The political struggle: general strikes and elections

Greek workers did not take these vicious attacks lying down. At least 40 general strikes and major strikes in transportation and steel have taken place, generally involving all three union confederations. The struggles were particularly intense from 2010 to 2012, but almost always the bourgeoisie was able to beat them back and avoid making any major concessions.

While Syriza didn’t oppose these strikes, it did not have many members who were workers, so it did not have much influence. The Greek Communist Party (KKE) and the Greek Socialist Party (PASOK) were the political parties with the deepest connections to the labor movement, though PASOK was often a junior member of the governing coalition.

Syriza got 16 percent of the vote in the 2012 election when its position on remaining in the eurozone and rescheduling Greece’s debt was ambiguous. After the vote, in the process of moving from an electoral coalition to a party, Syriza made its move to the center clearer: It adopted a position that Greece should remain in the EU and pay off what it owed out of its economic growth.

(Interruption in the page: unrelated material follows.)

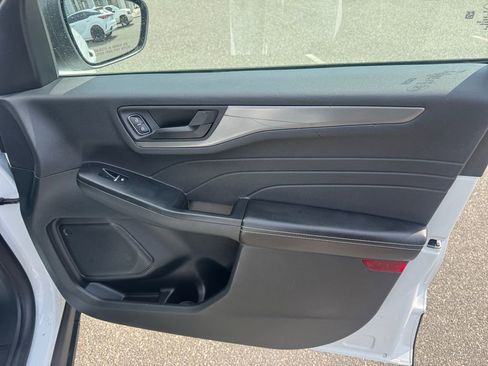 Used 2025 Ford Escape Active image 17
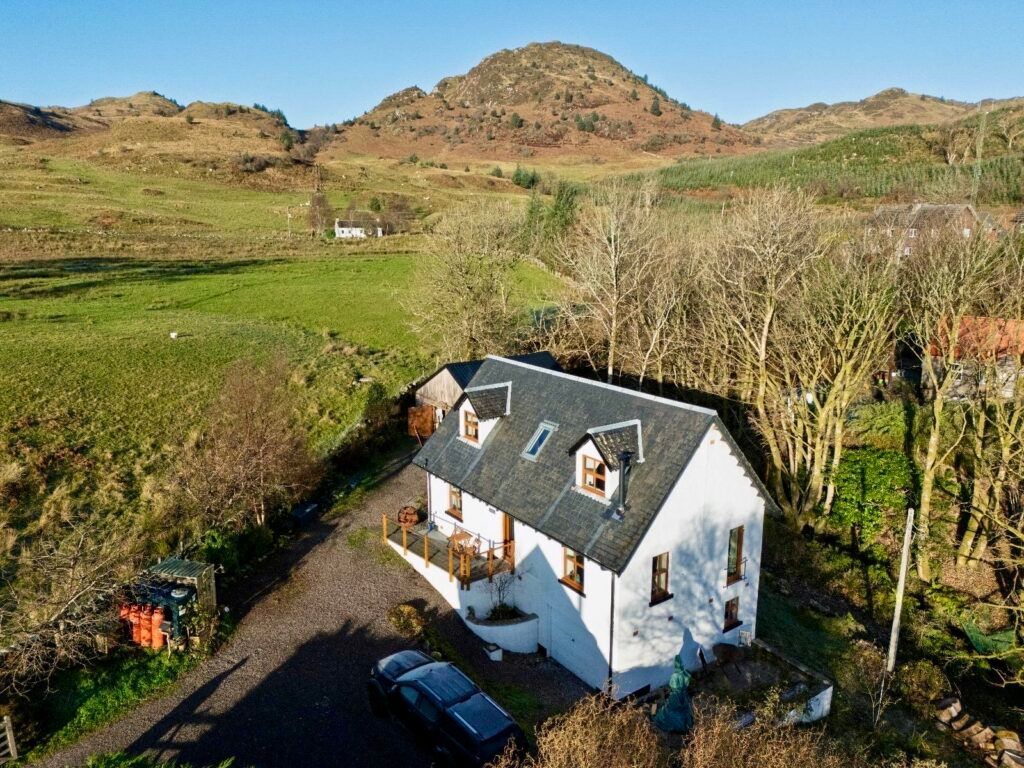 Property photo 1 of 25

Running on a platform of “a left government” and “unity of the left” in June 2014 — when the total bankruptcy of the troika’s austerity policy was clear to the Greek people — Syriza got 27 percent of the vote, second to New Democracy.

Polls favor it to finish first in the Jan. 25 elections. Even finishing first, however, is no guarantee that Syriza will be able to form a government.

According to Panagiotis Karystinos of Communist Revolutionary Action (KED), “The KKE claims that Syriza is just one more bourgeois party. Since Syriza does not proclaim to overthrow capitalism or break with the EU, it will do nothing more than an effort to manage the crisis within the capitalist framework. So, no support for Syriza.” Karystinos goes on to say that many organizations of the nonparliamentary left in Greece agree with the KKE’s criticism of Syriza. (personal correspondence)

As conditions for the workers deteriorated, a fascist party called Golden Dawn became much more prominent, getting 7 percent of the vote in the 2012 election up from 0.3 percent in the prior election. It specialized in physically attacking isolated leftists and immigrants. Many Greek leftists suspected the cops played a big role in Golden Dawn. In 2013 the government brought 30 legal cases against Golden Dawn, but didn’t ban the party outright.

The big question in the election is whether pressure from EU bankers and governments will coerce Greek voters into re-electing New Democracy and its platform of austerity on Jan. 25.